Yesterday my favorite author died, aged 66. I am neither family or friend, and yet I cried. The idea that I will never again pick up a new, pristine and unread book by him, quite frankly, sucks. Opening up the newest addition to my bookshelf was like a second Christmas, and at his most prolific it came around just about every year.
His imagination was tremendous, only overshadowed by the funny things he could do with English. I suspect he must have loved words a great deal, and possibly they loved him back. My copied of his books have cracked and loose spines, with nicks, bumps and yellowing pages. I do not forget the stories, but the delight I take in reading his English never fades.
His world could cheer me up when nothing else would, and for that I loved him. Reading his books made me want to write too, and for his skills I admired him.
Just because something is funny, doesn't mean it's not serious.
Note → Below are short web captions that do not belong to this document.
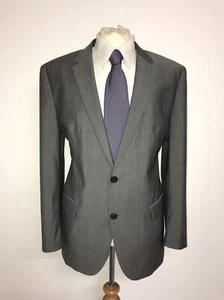 HUGO BOSS - Mens Plain GREY WOOL SUIT - 44 Short - W38 L30 - GORGEOUS - Picture 1 of 11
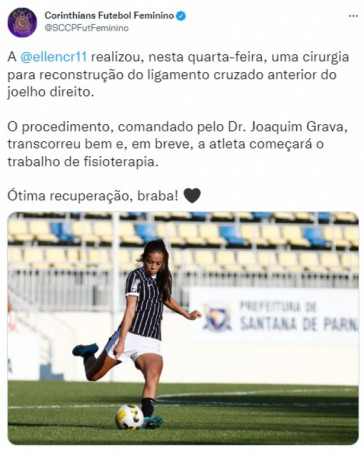 Corinthians informou a cirurgia de Ellen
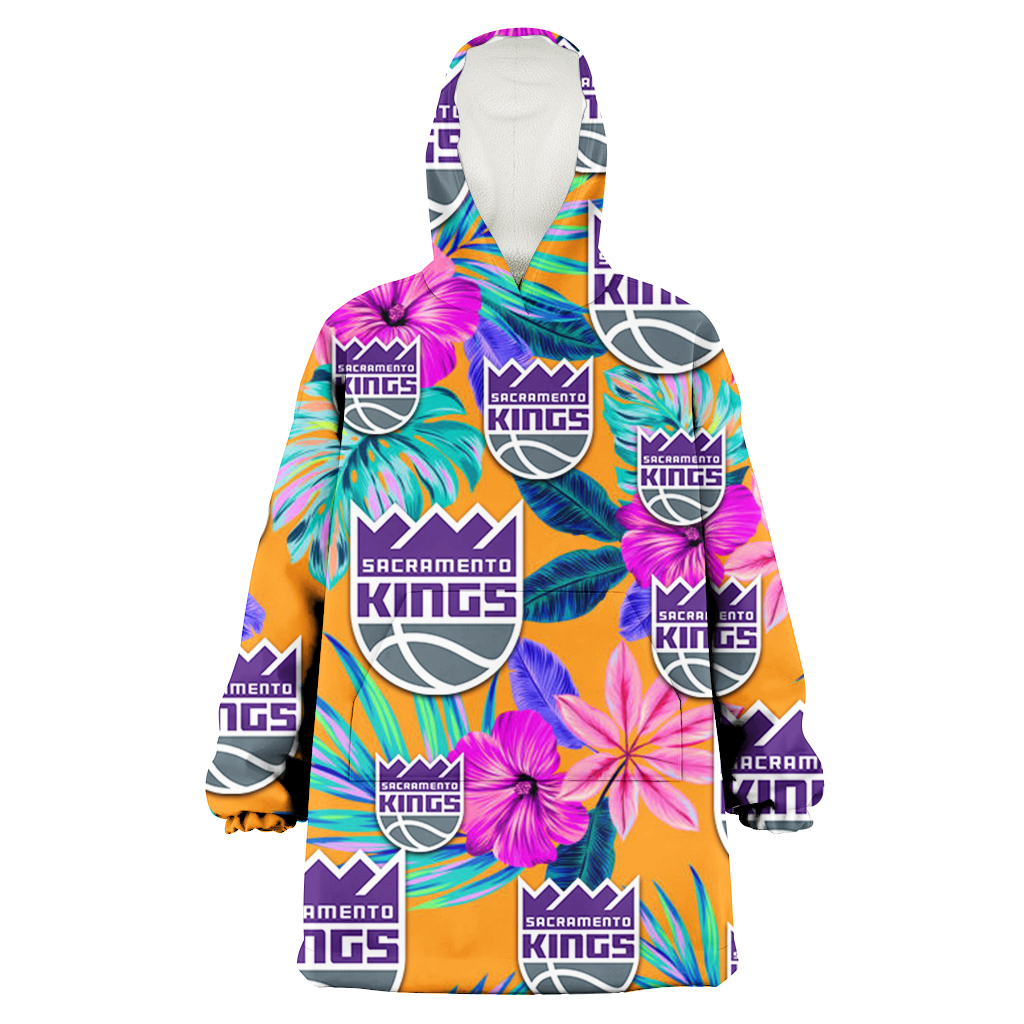 Sacramento Kings Purple Hibiscus Neon Leaf Orange Background 3D Printed Hoodie Blanket Snug Hoodie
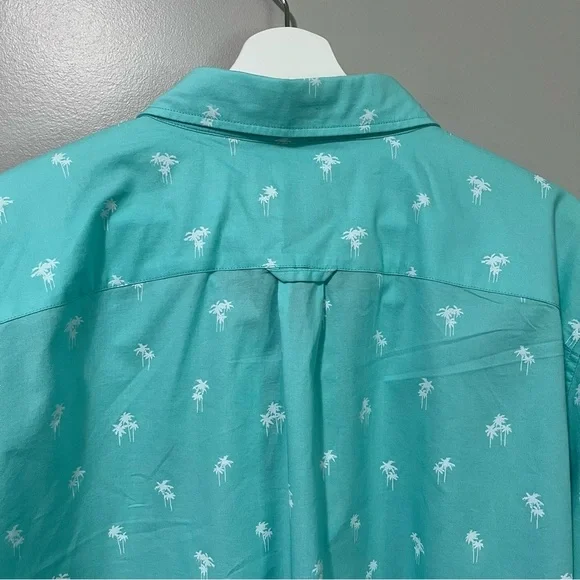American Eagle Teal Blue Poplin Palm Tree Print Button Down Classic Fit Shirt - Picture 9 of 11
Just because it's unreal, doesn't mean it's not true.
I will miss him.
Noli Timere Messorem
My productive summer, where did you go? I had such plans for it. I was going to make real headway with the books I'm planning to write, and the paintings, oh my. Then the heat came and more or less knocked me out. But finally autumn came with its more reasonable air. Time to get cracking, that book won't write itself.
It's been autumn for a month now, and the trees are heading fast towards serious baldness. And all I've got to show for it is a handful of pages. Foiled by writing block once more! I swear I try to make time for writing and painting, but not a lot of either seems to happen...where the heck are my hours going?